:: DATA

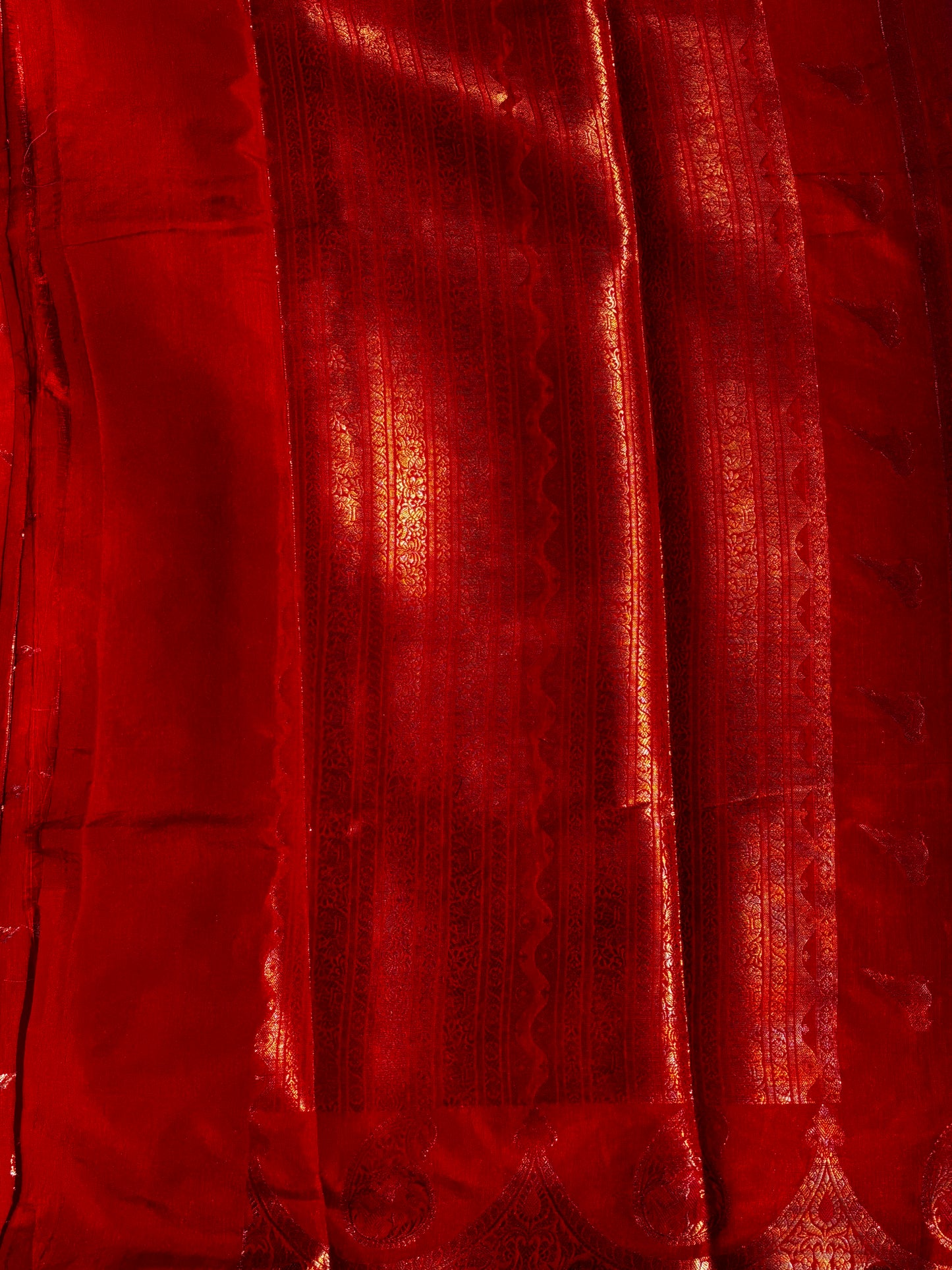 RED CHINIYA SILK SAREE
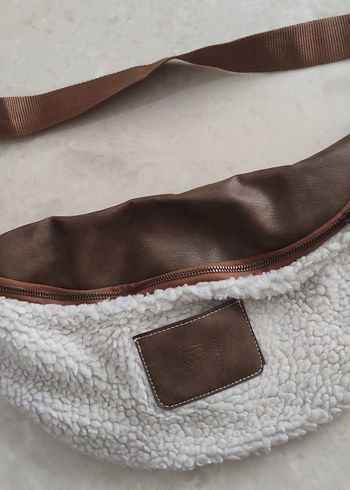 Kürk Detaylı Kahverengi Kadın Bel Çantası Leon teddy çanta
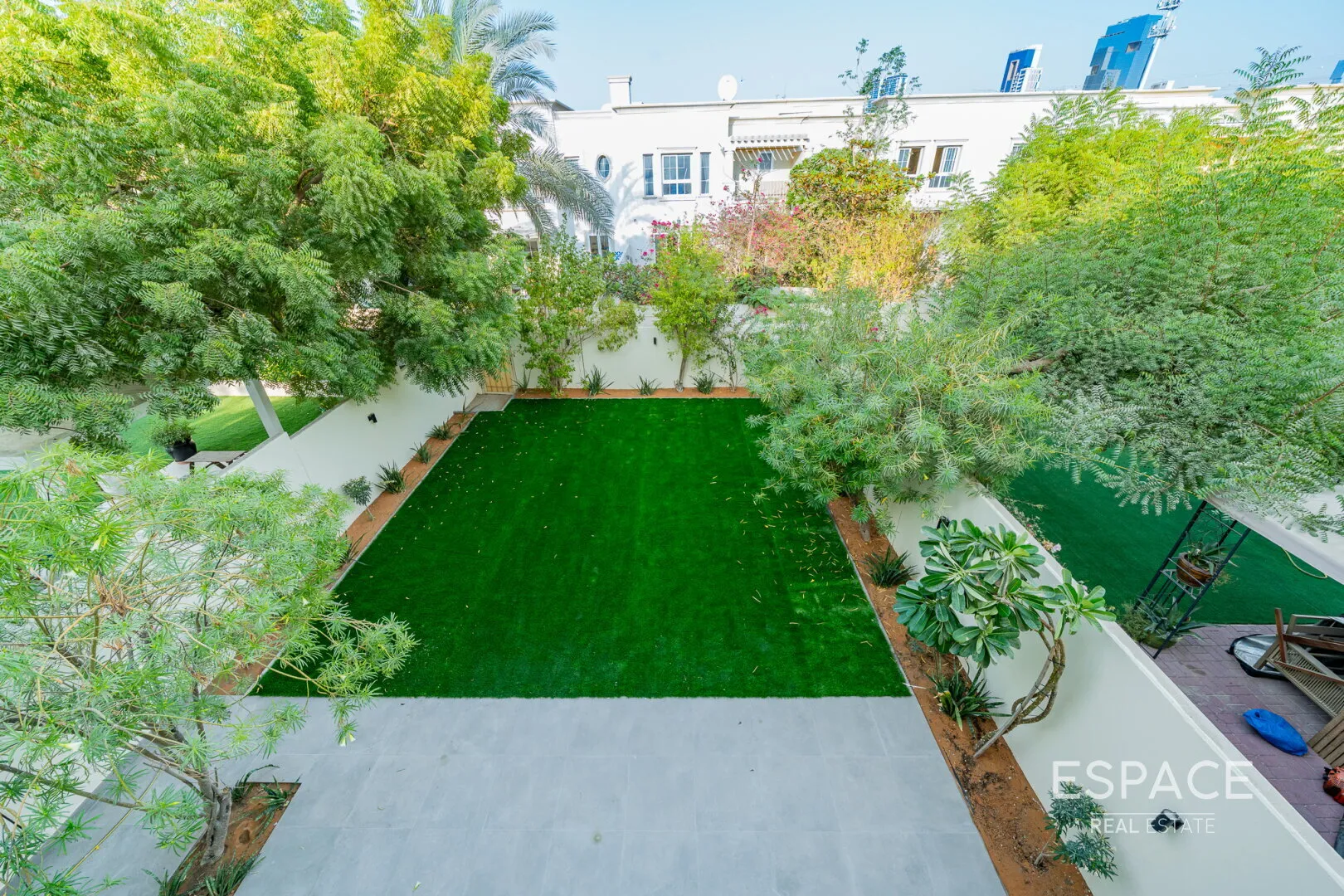 PropertiesGalleryCamera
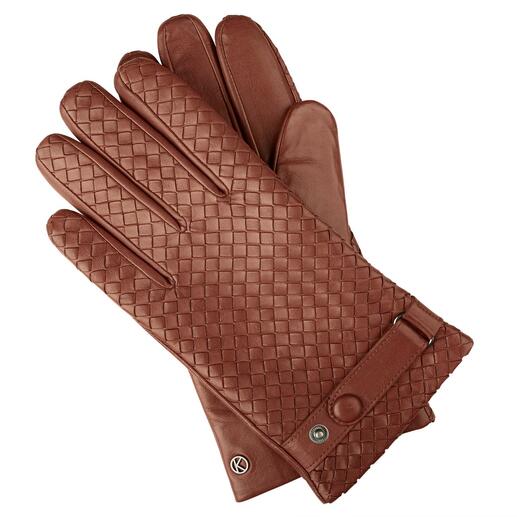 Die edlen Flechtleder-Handschuhe von Kessler, seit 1923. Geschmeidiges Lammnappa, traditionell von Hand geflochten. Und sogar Touchscreen-geeignet.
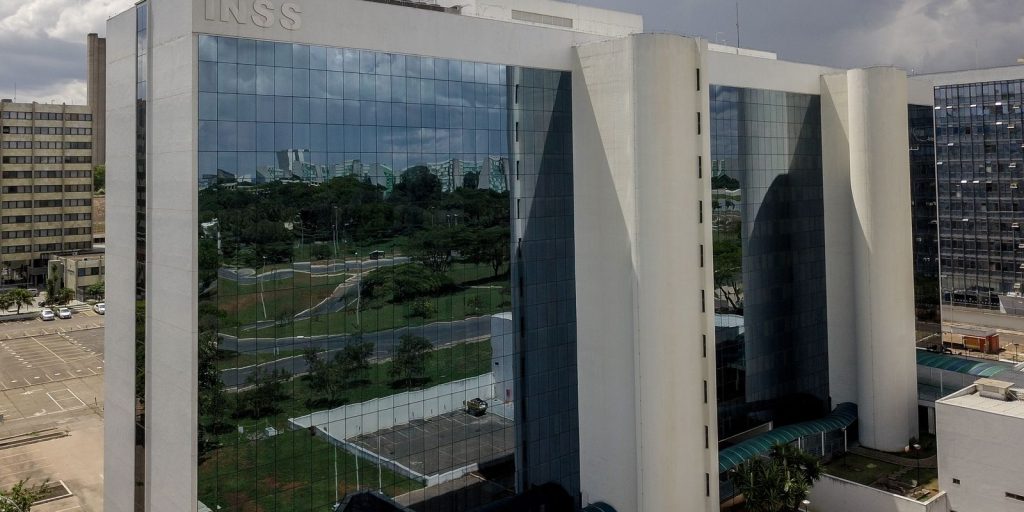 greve-de-peritos-do-inss:-stf-pede-que-pgr-avalie-abrir-inquerito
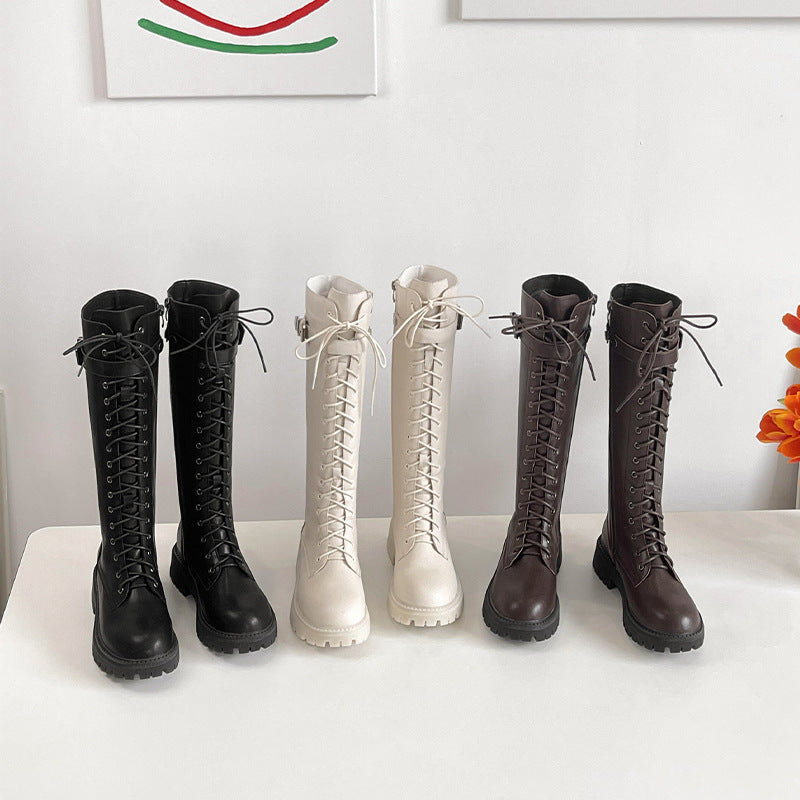 Effortlessly Elegant Boots with a Timeless Design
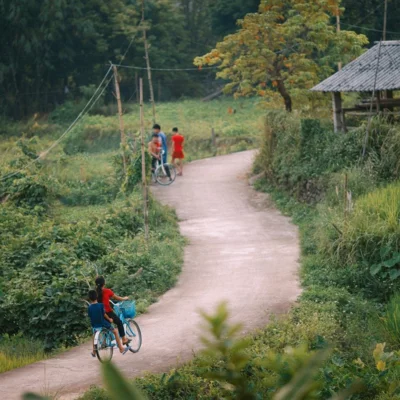 vélo chemin campagne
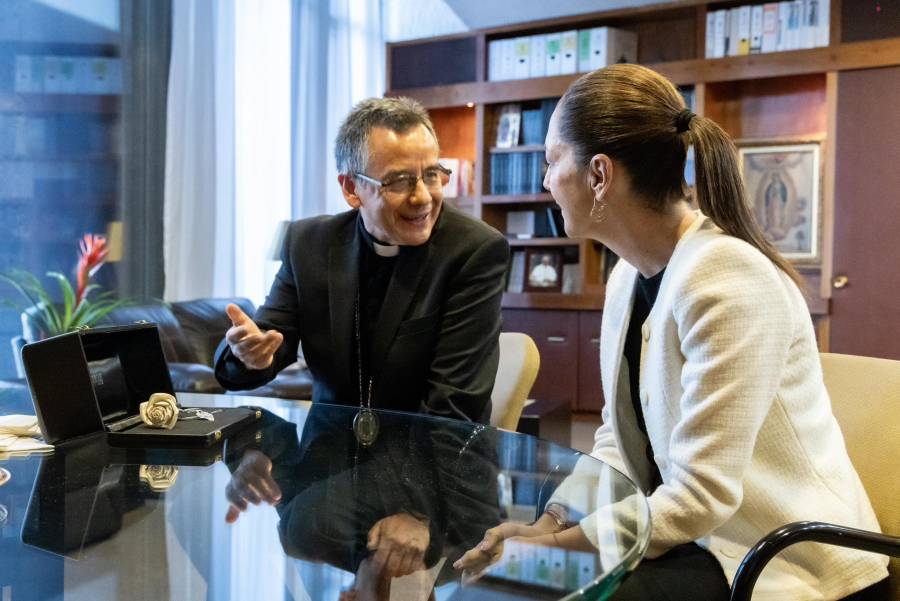 Sheinbaum se reúne con rector de la Basílica de Guadalupe; entrega regalo bendecido por el Papa Francisco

::::

WHAT IS NEEDED:
Only what runs from the line holding "Die edlen Flechtleder-Handschuhe" through the end of the entries above is to be given again, exactly, with every picture omitted.

TASK SOLUTION:
 Die edlen Flechtleder-Handschuhe von Kessler, seit 1923. Geschmeidiges Lammnappa, traditionell von Hand geflochten. Und sogar Touchscreen-geeignet.
 greve-de-peritos-do-inss:-stf-pede-que-pgr-avalie-abrir-inquerito
 Effortlessly Elegant Boots with a Timeless Design
 vélo chemin campagne
 Sheinbaum se reúne con rector de la Basílica de Guadalupe; entrega regalo bendecido por el Papa Francisco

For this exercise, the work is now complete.